## Your goal
Leave the pictures out, and print everything else in the records exactly.

## Records for this exercise
# # # #

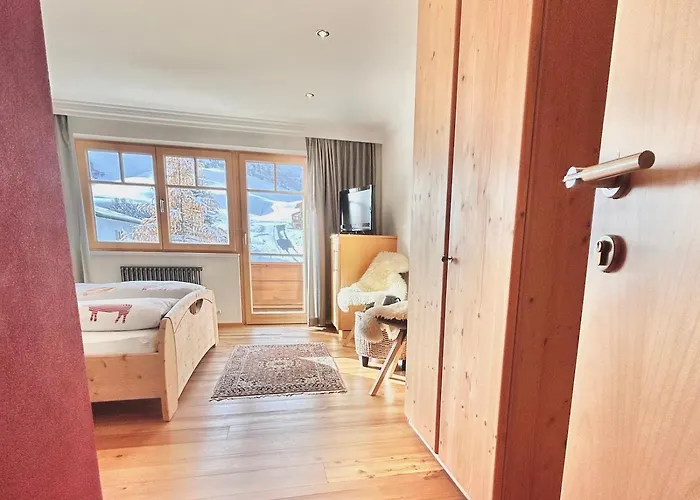 Haus Wallis by stayFritz - Ski-In Ski-Out Zimmer 'garni' am Arlberg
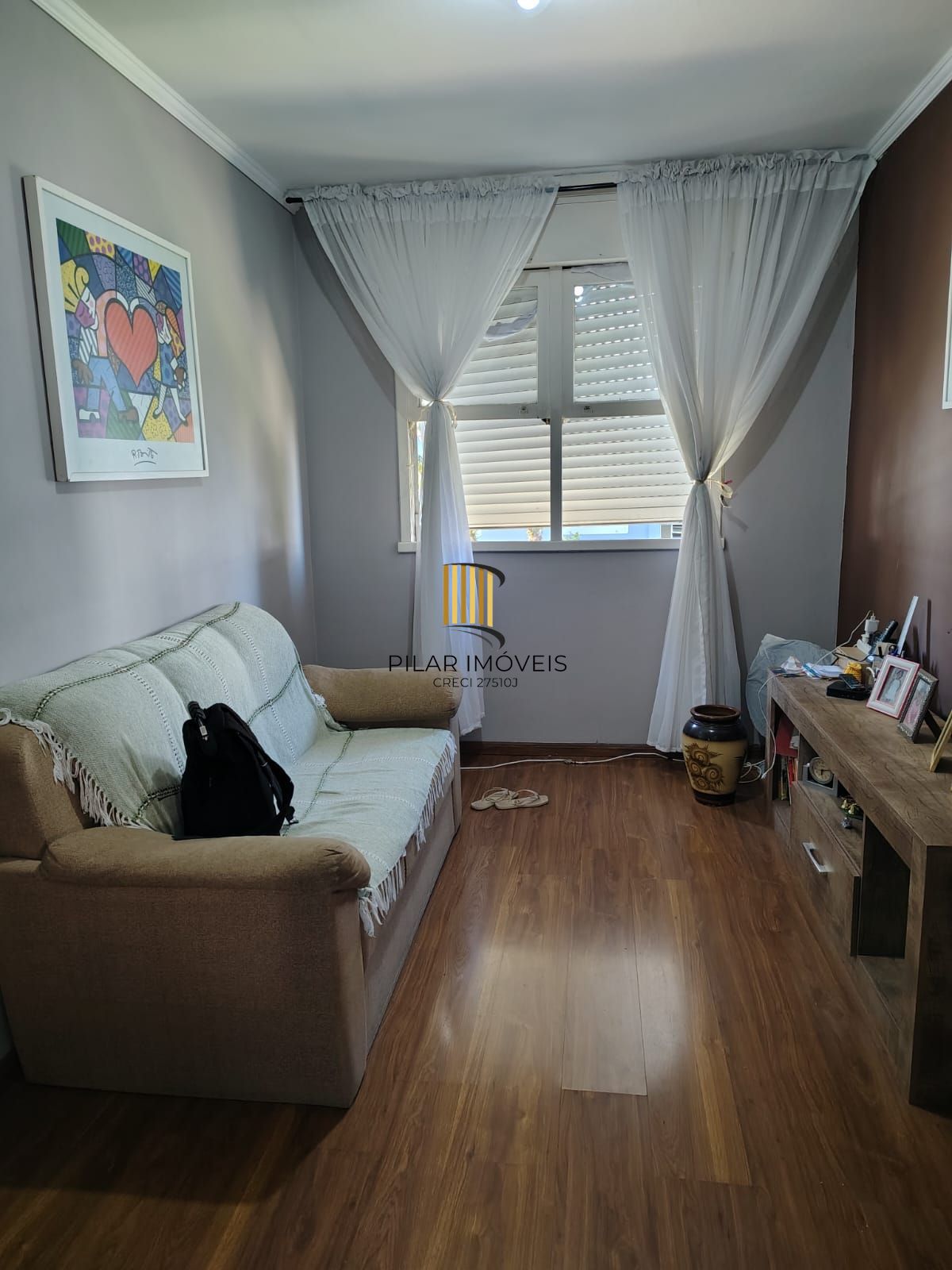 Apartamento 2 Dormitórios com estacionamento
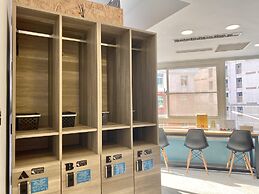 Flyinn Hostel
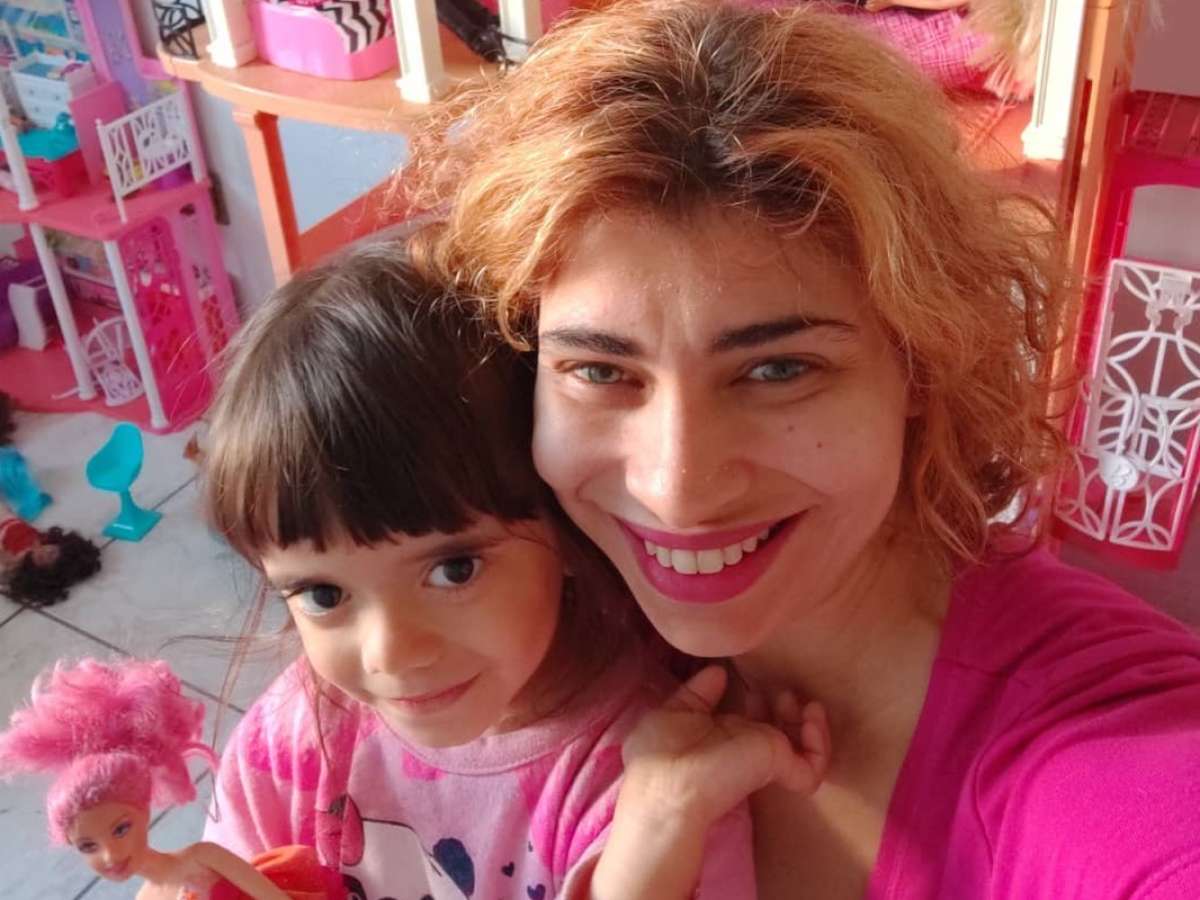 Mulher registra filha com o nome de Barbie por ser fã da boneca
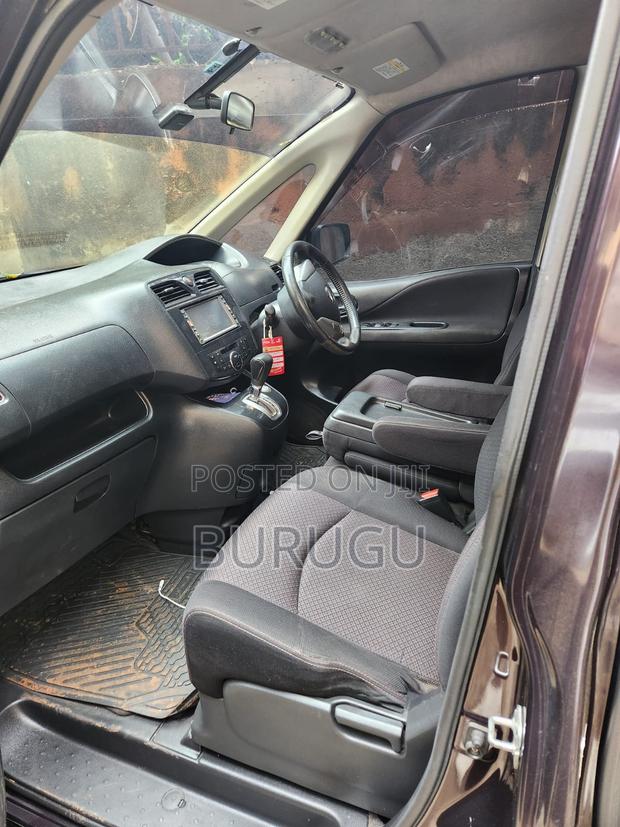 Nissan Serena 2011 Black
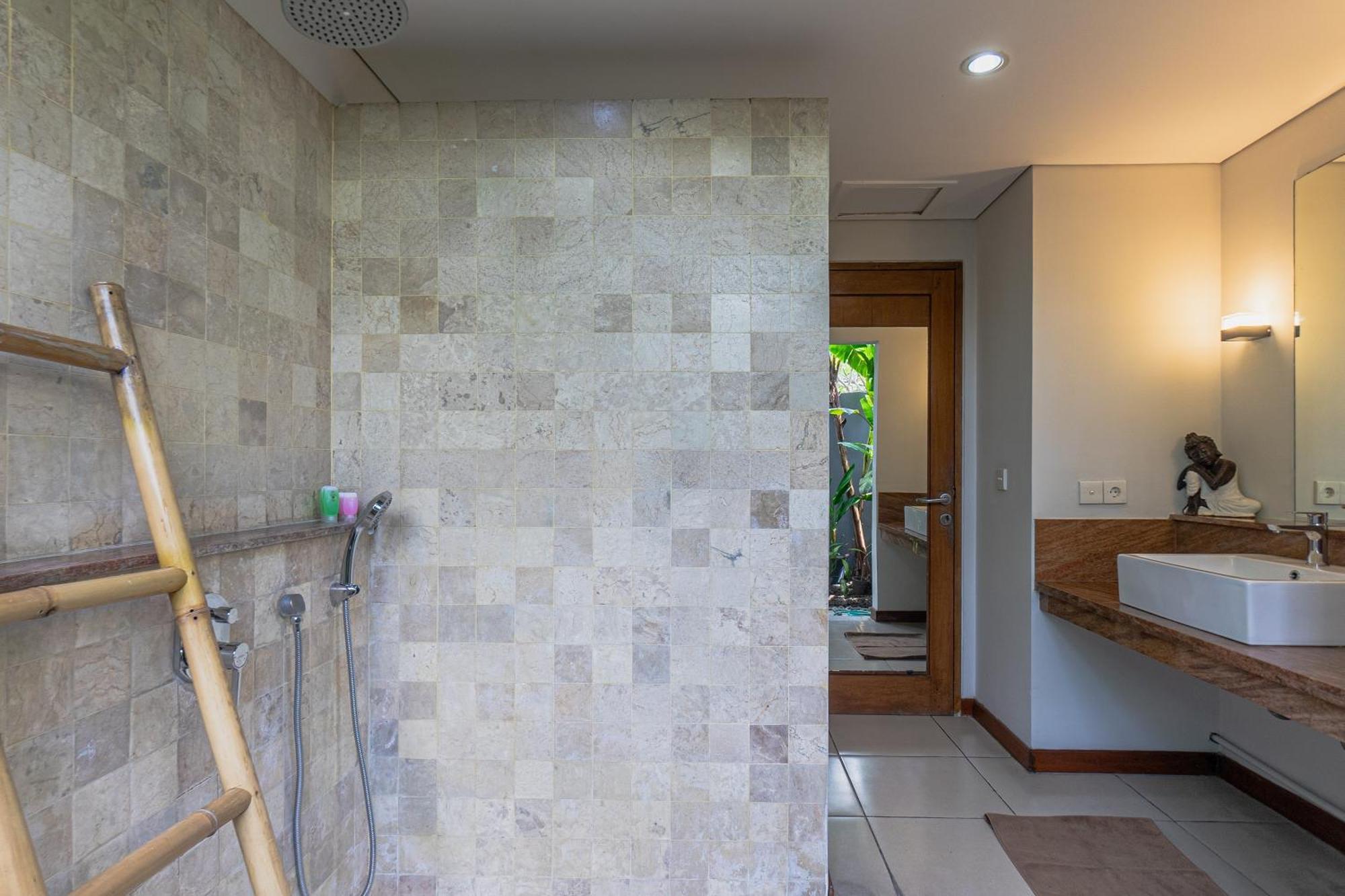 Balinea Holiday Home Seminyak Dış mekan fotoğraf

# # # #

## Task solution
 Haus Wallis by stayFritz - Ski-In Ski-Out Zimmer 'garni' am Arlberg
 Apartamento 2 Dormitórios com estacionamento
 Flyinn Hostel
 Mulher registra filha com o nome de Barbie por ser fã da boneca
 Nissan Serena 2011 Black
 Balinea Holiday Home Seminyak Dış mekan fotoğraf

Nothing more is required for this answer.